Sure, using tablets and computers can have upsides for children. They can provide, education for one, or just plain old entertainment value.
But we know there are downsides, too. NPR reported just last week on a study indicating screen time can negatively affect children's ability to read people's emotions.
The American Academy of Pediatrics recommends "screen-free zones" at home. No more than one to two hours of entertainment media a day for kids, and none for kids under two.
So how do people who work for big tech companies, like Google or Yahoo, approach this with their own children?
Manoush Zomorodi, host of WNYC's New Tech City, tells NPR's Melissa Block that most people who work in the tech industry do regulate their children's screen time. Zomorodi's full show on techies and parenting comes out Wednesday.
Interview Highlights
On the late Apple co-founder Steve Jobs as a low-tech parent
That is what Nick Bilton wrote about recently in The New York Times. ... So Nick and I got together to sort of swap stories about how technologists deal with their kids and screens, and Steve Jobs is really just the jumping-off point. So many people in tech are not worried about making sure that their kids learn to code. They put very strict limits on the very gadgets and software that they spend their days developing.
On Susan Linn of the Campaign for a Commercial-Free Childhood, who says tablets give advertisers unregulated access to children
A generation ago, right, our parents told us, "Take your bathroom break during the commercials," right? "They're a waste of time." And now parents are trying to teach their kids some of the tricks of digital advertising — the in-app purchases, or requiring a login.
But on the whole, most of the tech parents that I spoke to, they seem to be more concerned about that addictive nature that Susan Linn referred too, and they're less worried about exposing their kids to advertising. I mean, after all, that's where their paychecks come from, and advertising is how many of these tech companies fund their less-commercial research. So I think they sort of see it as a trade-off, and that their kids just have to be savvy.

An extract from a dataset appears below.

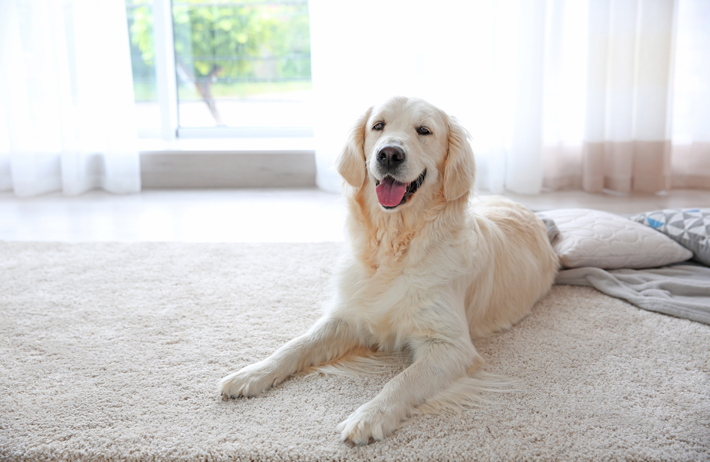 獣医さんに聞く 犬のアレルギー性皮膚炎 症状や治療法 自宅でのケア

On Sameer Ajmani, a Google engineer from Brooklyn, who had a thoughtful approach to limit his son's screen time
They recently did a little experiment on their oldest son, 7-year-old Nolan. For one week they gave him absolutely no limits on screen time to see if he would self-regulate, you know, put the iPad away when he'd had enough.
The experiment, Melissa, was a complete and utter disaster. He binged. So now they have rules about fun time versus educational screen time.
On how Zomorodi's reporting has affected her own parenting
I think it's very interesting that the sort of guidelines that the [American Academy of Pediatrics] has put out, they specify entertainment screen time. And it makes me sort of start to wonder, is there a difference between educational versus entertainment screen time?
Speaking from experience — I have a 4-year-old and a 7-year-old — and just every day we sort of are grappling this. We don't have any idea, scientifically, yet, what entertainment or educational screen time is doing to us or to our kids. So for me, at this point, I would rather that my kids watch Mary Poppins or a good old-fashioned show with a narrative arc and a lesson at the end, rather than constantly swiping, swiping, swiping at a screen. But just me — maybe that's how a journalist parents.